Dan ketiga macam Tauhid ini terkumpul dalam firman-Nya yang
artinya:
“
Tuhan (yang menguasai) langit dan bumi dan apa-apa yang ada di antara keduanya,
Maka sembahlah Dia dan berteguh hatilah dalam beribadat kepada-Nya. Apakah kamu
mengetahui ada seorang yang sama dengan Dia (yang patut disembah)?” (Maryam : 65).
b. Tingkatan Tauhid
Adapun tingkatan tauhid adalah
sebagai berikut.
1. Tauhid Zat Allah
Yang dimaksud dengan tauhid (keesaan) Zat Allah adalah, bahwa Allah Esa
dalam Zat-Nya. Kesan pertama tentang Allah pada kita adalah, kesan bahwa Dia
berdikari.

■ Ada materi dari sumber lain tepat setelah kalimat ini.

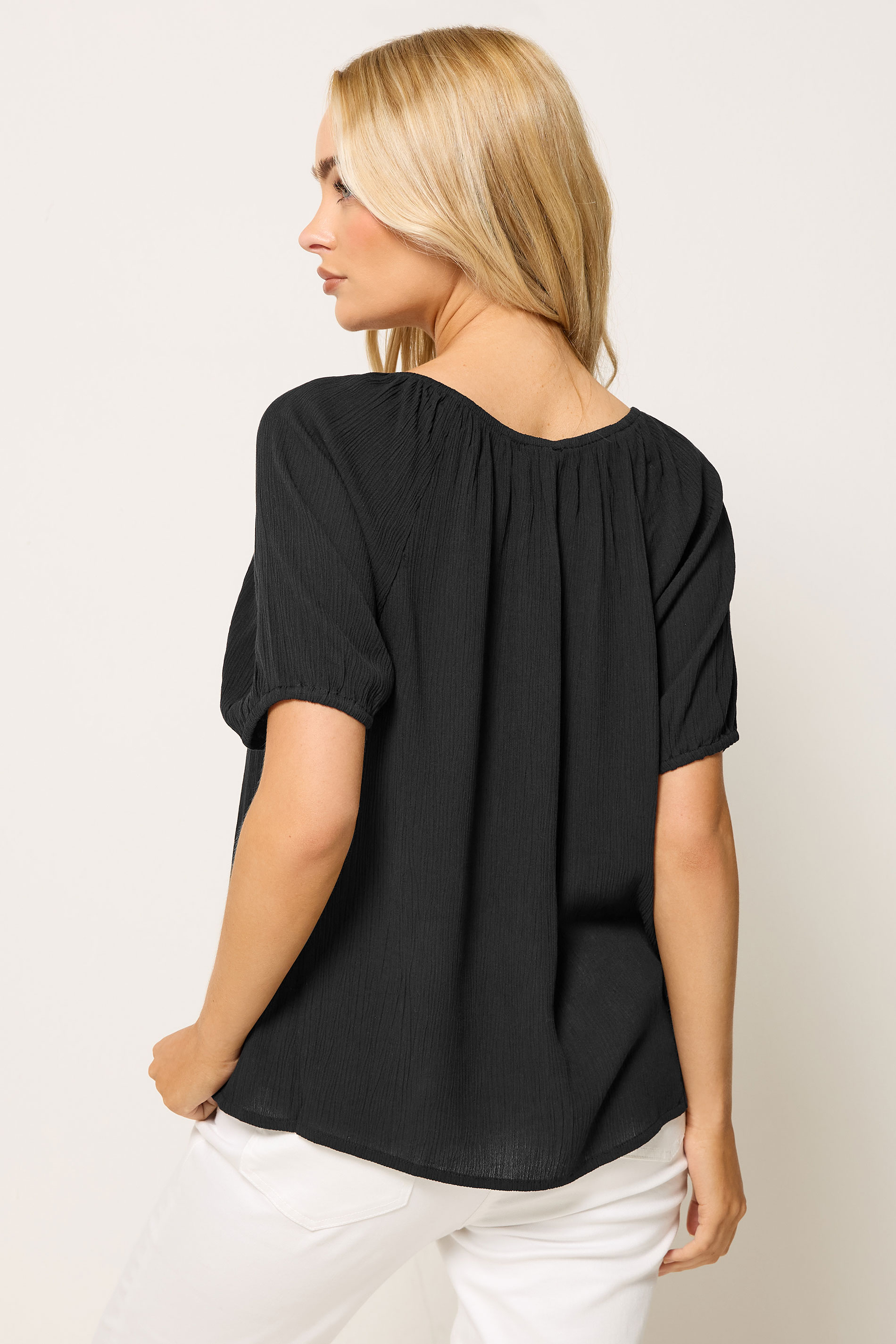 M&Co Black Scoop Neck Crinkle Blouse | M&Co 2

Dia adalah Wujud yang tidak bergantung pada apa dan siapa pun dalam
bentuk apa pun. Dalam bahasa Al-Qur'an, Dia adalah Ghani (Absolut). Segala
sesuatu bergantung pada-Nya dan membutuhkan pertolongan-Nya. Dia tidak
membutuhkan segala sesuatu. Allah berfirman:
Hai manusia, kamulah yang membutuhkan Allah. Dan
Allah, Dialah Yang Maha Kaya (tidak membutuhkan apa pun) lagi Maha Terpuji. (QS. Fâthir: 15)
Arti dari Tauhid Zat Allah adalah bahwa kebenaran ini hanya satu, dan
tak ada yang menyerupai-Nya. Al-Qur'an
memfirmankan:
Tak ada yang menyamai-Nya. (QS. asy-Syûrâ: 11)
Dan tak ada yang menyamai-Nya. (QS. al-Ikhlâsh: 4)
2. Tauhid dalam Sifat-sifat Allah
Tauhid Sifat-sifat Allah artinya adalah mengakui bahwa Zat dan
Sifat-sifat Allah identik, dan bahwa berbagai Sifat-Nya tidak terpisah satu
sama lain. Tauhid Zat artinya adalah menafikan adanya apa pun yang seperti
Allah, dan Tauhid Sifat-sifat-Nya artinya adalah menafikan adanya pluralitas di
dalam Zat-Nya. Allah memiliki segala sifat yang menunjukkan kesempurnaan,
keperkasaan dan ke-indahan, namun dalam Sifat-sifat-Nya tak ada segi yang
benar-benar terpisah dari-Nya. Keterpisahan zat dari sifat-sifat dan
keterpisahan sifat-sifat dari satu sama lain merupakan ciri khas keterbatasan
eksistensi, dan tak mungkin terjadi pada eksistensi yang tak terbatas.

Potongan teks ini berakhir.